((

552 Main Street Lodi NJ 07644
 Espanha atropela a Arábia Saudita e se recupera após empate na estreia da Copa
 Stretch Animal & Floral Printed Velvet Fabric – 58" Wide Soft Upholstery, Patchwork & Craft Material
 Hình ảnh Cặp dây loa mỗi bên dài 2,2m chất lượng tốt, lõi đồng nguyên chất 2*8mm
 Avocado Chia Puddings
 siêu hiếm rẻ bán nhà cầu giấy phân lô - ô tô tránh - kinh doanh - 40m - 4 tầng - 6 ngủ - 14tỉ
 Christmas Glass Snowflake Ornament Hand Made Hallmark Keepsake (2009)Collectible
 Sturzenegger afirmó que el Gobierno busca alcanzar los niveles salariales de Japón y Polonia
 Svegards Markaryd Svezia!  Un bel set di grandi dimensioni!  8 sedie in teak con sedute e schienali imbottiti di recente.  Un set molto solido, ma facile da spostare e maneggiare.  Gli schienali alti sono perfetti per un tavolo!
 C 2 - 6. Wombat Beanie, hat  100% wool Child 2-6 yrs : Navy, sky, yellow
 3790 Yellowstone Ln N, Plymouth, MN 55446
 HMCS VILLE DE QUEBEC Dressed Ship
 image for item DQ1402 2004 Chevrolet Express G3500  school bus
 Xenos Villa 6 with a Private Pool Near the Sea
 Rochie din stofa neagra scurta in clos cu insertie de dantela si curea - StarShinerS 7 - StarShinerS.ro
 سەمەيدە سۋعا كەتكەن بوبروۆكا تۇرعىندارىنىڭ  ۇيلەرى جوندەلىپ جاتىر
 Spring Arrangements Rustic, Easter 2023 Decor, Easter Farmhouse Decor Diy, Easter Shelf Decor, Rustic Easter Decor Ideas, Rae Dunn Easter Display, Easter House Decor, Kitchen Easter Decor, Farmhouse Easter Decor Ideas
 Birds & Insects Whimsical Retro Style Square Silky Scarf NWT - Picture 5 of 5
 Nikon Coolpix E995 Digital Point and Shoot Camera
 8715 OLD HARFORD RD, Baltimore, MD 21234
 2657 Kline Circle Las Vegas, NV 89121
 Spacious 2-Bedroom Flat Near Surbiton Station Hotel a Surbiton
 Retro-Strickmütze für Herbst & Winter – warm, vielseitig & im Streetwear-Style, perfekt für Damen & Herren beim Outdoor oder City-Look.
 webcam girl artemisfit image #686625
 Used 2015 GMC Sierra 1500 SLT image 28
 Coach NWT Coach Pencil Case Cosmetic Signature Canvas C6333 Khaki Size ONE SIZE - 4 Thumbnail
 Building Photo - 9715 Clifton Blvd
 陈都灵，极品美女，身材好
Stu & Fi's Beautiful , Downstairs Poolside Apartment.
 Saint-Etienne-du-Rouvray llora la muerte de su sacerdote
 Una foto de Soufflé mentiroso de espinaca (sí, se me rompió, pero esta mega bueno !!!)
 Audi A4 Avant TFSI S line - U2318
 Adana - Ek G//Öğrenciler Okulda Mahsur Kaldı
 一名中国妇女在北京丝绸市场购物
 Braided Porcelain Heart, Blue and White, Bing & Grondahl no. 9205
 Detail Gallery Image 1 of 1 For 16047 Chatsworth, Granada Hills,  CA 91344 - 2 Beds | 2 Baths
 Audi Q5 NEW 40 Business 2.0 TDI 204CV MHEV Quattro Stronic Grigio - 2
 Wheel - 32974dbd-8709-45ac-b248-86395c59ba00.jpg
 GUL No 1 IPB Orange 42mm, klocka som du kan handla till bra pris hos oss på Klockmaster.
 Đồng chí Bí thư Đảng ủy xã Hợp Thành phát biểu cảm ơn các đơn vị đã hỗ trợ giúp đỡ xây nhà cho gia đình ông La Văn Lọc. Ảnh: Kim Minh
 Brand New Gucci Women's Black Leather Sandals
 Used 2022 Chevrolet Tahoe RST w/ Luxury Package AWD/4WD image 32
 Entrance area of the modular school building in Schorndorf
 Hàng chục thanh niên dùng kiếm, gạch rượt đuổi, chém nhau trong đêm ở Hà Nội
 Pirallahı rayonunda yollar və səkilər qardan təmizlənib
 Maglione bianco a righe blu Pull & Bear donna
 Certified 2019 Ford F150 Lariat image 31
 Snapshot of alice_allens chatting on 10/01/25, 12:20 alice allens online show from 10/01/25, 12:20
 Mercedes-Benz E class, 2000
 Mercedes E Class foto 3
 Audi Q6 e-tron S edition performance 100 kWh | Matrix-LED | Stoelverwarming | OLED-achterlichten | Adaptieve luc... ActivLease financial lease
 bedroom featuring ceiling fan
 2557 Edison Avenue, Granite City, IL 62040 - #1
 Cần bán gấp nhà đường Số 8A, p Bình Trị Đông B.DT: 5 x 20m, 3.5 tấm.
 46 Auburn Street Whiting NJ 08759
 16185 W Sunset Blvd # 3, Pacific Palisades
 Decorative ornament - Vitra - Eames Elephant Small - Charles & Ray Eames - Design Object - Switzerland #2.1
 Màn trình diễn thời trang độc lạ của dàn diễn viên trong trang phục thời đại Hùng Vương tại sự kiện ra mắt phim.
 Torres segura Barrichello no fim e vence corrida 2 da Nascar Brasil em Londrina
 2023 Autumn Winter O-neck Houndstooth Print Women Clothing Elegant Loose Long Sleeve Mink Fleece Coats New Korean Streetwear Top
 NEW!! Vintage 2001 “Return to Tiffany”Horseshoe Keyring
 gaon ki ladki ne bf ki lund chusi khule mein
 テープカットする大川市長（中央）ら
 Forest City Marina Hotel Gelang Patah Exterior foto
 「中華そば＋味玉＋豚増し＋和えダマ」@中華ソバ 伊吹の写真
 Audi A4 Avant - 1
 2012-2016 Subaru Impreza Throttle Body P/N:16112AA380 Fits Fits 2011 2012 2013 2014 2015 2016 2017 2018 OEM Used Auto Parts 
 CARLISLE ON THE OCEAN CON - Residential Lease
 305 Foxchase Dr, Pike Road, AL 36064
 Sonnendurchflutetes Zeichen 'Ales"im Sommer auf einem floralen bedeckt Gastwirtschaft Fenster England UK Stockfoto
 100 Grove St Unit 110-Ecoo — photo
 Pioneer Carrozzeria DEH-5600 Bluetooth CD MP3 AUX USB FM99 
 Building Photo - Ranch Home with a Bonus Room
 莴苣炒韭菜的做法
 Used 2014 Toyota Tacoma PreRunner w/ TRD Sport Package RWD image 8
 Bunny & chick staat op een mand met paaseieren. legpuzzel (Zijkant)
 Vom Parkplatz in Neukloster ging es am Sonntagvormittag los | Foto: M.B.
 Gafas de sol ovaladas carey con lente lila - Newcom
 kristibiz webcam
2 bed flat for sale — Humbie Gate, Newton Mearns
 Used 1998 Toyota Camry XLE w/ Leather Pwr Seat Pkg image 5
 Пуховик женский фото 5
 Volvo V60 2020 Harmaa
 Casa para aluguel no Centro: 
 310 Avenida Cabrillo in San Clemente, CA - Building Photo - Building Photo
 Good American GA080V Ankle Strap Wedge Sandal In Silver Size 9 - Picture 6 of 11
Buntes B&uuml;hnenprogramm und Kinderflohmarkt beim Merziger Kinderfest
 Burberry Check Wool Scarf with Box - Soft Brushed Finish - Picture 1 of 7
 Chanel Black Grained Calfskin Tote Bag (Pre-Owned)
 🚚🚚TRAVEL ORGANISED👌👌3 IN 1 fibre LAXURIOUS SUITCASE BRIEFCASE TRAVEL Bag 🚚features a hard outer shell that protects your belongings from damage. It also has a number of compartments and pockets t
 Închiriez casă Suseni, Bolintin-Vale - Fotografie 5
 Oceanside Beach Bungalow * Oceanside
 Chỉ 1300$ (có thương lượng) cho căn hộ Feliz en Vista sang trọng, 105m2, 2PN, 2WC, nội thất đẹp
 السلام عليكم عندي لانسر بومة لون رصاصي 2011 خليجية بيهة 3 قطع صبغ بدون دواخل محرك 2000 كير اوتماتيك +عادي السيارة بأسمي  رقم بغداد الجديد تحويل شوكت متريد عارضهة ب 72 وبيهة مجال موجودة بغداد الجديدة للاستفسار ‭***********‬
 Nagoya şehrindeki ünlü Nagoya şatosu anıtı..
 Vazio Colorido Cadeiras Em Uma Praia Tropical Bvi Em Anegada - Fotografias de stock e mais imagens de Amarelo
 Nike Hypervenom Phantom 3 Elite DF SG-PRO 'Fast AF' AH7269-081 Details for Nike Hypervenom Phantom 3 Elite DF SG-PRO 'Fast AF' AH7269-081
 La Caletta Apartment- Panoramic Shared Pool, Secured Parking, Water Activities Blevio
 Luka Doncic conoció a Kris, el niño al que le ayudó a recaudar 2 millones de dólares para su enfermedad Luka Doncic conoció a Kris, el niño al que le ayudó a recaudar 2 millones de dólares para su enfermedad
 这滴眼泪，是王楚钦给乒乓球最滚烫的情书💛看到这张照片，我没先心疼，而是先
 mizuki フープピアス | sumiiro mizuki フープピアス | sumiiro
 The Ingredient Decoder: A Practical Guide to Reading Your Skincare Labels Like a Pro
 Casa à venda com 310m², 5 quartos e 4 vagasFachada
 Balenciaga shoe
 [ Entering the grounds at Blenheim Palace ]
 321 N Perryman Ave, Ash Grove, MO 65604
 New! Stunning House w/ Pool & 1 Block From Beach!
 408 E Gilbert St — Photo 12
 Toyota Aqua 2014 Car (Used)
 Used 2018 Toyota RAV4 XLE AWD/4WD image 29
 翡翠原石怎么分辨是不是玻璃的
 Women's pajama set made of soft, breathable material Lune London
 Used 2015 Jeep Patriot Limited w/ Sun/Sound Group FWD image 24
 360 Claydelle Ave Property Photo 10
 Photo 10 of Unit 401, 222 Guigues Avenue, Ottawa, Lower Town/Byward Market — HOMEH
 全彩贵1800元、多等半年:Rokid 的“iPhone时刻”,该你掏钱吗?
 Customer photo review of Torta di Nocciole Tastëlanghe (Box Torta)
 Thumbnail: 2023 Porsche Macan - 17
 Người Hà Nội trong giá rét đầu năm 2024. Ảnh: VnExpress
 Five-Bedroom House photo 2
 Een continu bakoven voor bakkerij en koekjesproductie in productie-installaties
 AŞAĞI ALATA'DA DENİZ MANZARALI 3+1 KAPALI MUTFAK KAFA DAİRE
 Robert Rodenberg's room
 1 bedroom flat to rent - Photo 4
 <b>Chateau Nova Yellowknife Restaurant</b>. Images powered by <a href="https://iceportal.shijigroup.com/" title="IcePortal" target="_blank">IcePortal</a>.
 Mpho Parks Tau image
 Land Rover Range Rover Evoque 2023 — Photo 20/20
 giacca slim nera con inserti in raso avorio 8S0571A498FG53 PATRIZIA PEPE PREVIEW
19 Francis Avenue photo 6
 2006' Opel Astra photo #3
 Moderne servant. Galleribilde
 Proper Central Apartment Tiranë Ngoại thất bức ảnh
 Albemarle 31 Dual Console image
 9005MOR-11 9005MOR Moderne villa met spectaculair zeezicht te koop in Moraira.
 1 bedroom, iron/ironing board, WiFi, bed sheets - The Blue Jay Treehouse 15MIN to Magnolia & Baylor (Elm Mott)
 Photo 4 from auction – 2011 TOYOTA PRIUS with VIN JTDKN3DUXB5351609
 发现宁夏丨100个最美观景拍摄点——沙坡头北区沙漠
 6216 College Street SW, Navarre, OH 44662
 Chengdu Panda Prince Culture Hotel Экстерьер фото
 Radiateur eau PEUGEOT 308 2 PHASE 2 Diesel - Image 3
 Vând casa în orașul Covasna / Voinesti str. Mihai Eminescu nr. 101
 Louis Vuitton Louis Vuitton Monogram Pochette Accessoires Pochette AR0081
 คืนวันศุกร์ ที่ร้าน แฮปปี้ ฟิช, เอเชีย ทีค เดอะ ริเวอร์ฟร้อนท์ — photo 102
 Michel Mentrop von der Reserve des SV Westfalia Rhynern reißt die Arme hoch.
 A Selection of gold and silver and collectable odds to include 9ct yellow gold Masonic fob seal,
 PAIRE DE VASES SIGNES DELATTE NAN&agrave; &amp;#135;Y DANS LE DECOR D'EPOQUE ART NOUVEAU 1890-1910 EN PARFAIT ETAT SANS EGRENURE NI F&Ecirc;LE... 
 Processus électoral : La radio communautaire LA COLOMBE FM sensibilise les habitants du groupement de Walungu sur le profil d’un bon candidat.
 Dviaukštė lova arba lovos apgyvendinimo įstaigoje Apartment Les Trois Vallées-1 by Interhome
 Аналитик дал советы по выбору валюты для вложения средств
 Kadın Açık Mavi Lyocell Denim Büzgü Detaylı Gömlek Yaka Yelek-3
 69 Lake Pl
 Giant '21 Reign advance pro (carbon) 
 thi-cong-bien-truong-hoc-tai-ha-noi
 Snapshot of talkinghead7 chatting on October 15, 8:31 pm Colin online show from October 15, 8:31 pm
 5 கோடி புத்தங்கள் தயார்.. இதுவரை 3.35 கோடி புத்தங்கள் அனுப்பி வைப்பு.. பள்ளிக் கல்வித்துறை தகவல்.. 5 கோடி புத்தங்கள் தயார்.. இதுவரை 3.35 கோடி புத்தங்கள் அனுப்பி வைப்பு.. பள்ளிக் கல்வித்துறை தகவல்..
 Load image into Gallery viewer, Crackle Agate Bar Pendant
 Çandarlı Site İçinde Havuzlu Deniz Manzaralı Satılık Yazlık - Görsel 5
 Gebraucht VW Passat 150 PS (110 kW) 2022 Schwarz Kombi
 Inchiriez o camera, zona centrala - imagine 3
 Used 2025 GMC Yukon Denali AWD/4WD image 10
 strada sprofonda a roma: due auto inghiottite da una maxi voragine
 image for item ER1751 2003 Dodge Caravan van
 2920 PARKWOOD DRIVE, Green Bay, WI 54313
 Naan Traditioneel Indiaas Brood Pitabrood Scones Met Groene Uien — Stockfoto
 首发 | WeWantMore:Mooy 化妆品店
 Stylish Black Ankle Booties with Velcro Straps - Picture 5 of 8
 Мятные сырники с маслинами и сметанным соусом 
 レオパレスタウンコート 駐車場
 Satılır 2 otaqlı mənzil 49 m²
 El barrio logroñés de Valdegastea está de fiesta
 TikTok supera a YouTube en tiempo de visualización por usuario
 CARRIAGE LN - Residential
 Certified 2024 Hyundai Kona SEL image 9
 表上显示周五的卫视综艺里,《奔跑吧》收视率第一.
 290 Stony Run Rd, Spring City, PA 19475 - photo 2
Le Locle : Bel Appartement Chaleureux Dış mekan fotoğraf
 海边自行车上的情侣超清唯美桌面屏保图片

))

--- Work order ---
The response should be the listing above, limited to the lines between the one holding "Stretch Animal &" and the one holding "سەمەيدە سۋعا كەتكەن", inclusive, reproduced exactly.

--- Result for this task ---
 Stretch Animal & Floral Printed Velvet Fabric – 58" Wide Soft Upholstery, Patchwork & Craft Material
 Hình ảnh Cặp dây loa mỗi bên dài 2,2m chất lượng tốt, lõi đồng nguyên chất 2*8mm
 Avocado Chia Puddings
 siêu hiếm rẻ bán nhà cầu giấy phân lô - ô tô tránh - kinh doanh - 40m - 4 tầng - 6 ngủ - 14tỉ
 Christmas Glass Snowflake Ornament Hand Made Hallmark Keepsake (2009)Collectible
 Sturzenegger afirmó que el Gobierno busca alcanzar los niveles salariales de Japón y Polonia
 Svegards Markaryd Svezia!  Un bel set di grandi dimensioni!  8 sedie in teak con sedute e schienali imbottiti di recente.  Un set molto solido, ma facile da spostare e maneggiare.  Gli schienali alti sono perfetti per un tavolo!
 C 2 - 6. Wombat Beanie, hat  100% wool Child 2-6 yrs : Navy, sky, yellow
 3790 Yellowstone Ln N, Plymouth, MN 55446
 HMCS VILLE DE QUEBEC Dressed Ship
 image for item DQ1402 2004 Chevrolet Express G3500  school bus
 Xenos Villa 6 with a Private Pool Near the Sea
 Rochie din stofa neagra scurta in clos cu insertie de dantela si curea - StarShinerS 7 - StarShinerS.ro
 سەمەيدە سۋعا كەتكەن بوبروۆكا تۇرعىندارىنىڭ  ۇيلەرى جوندەلىپ جاتىر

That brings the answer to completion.